La mente
pecaminosa del ser humano ha desfigurado el carácter divino. La tradición
le ha hecho creer que Dios es un ser de rostro serio y ceño fruncido,
sentado en su trono de santidad con una vara en la mano, vigilando y
esperando obediencia estricta de sus vasallos.
“Inclínate
delante de él, como el esclavo delante de su señor”, le ha
ordenado durante siglos. Y el ser humano lo ha creído, y ha vivido con
miedo de Dios. Ha tratado de aplacar la ira de su “señor” con penitencias,
peregrinaciones y sacrificios. Se ha arrastrado delante de él, como
criatura indigna. Ha cargado el fardo horrible de la religiosidad
desprovista de gracia.
Lo peor
que el pecado consiguió fue desfigurar el amor divino; presentarte a Dios
como un ser rencoroso y vengativo. Te hace huir, esconderte, anularte;
como Adán y Eva en el Jardín del Edén después del pecado.
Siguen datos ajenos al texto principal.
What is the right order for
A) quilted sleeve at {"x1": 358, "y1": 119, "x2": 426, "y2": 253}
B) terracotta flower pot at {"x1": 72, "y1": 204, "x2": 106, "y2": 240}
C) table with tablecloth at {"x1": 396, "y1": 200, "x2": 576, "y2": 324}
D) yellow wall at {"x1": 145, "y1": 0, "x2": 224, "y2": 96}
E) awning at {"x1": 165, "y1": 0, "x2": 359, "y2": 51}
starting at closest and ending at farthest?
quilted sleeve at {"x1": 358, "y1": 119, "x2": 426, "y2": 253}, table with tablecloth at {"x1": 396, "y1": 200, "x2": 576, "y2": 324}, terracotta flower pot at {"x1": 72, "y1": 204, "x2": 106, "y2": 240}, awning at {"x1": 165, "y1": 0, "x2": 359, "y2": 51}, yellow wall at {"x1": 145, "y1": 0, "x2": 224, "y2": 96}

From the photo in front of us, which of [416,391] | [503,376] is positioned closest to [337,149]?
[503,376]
Desesperados, vacíos, desnudos y ridículos; e intentando cubrir su
desnudez con miserables hojas de higuera. Aquella triste tarde, Dios se
presentó en el Jardín buscando al hijo amado, pero el pecado gritaba a los
oídos de este: “No eres hijo, eres esclavo”.
Tal vez,
sí; seguramente que sí. Pero, no esclavo de Dios: esclavo del enemigo de
Dios. Castigado impiadosamente por el peor verdugo que alguien pueda
tener: la conciencia tergiversada por el pecado. El versículo de hoy, sin
embargo, trae la más extraordinaria noticia que alguien pudiera recibir:
ya no eres esclavo de nadie; no necesitas serlo: el Señor Jesús pagó el
precio de tu rescate. Si crees en la promesa divina, pasas a ser hijo,
heredero de la promesa. Tus culpas han sido perdonadas; no necesitas vivir
huyendo ni escondiéndote. El Señor Jesús te da el derecho de reclamar la
promesa y de vivir como hijo del Rey, príncipe en el vasto universo de
Dios.
Por eso,
hoy, ¡yergue la cabeza! Deja que el Sol de justicia ilumine la penumbra de
tu ser. No tienes que vivir como si le debieses algo a la vida; no existe
motivo para que te sientas esclavo. El Señor Jesús cargó el peso de tu culpa
en el Calvario y te libertó. “Así que ya no eres esclavo, sino hijo; y
si hijo, también heredero de Dios por medio de Cristo”.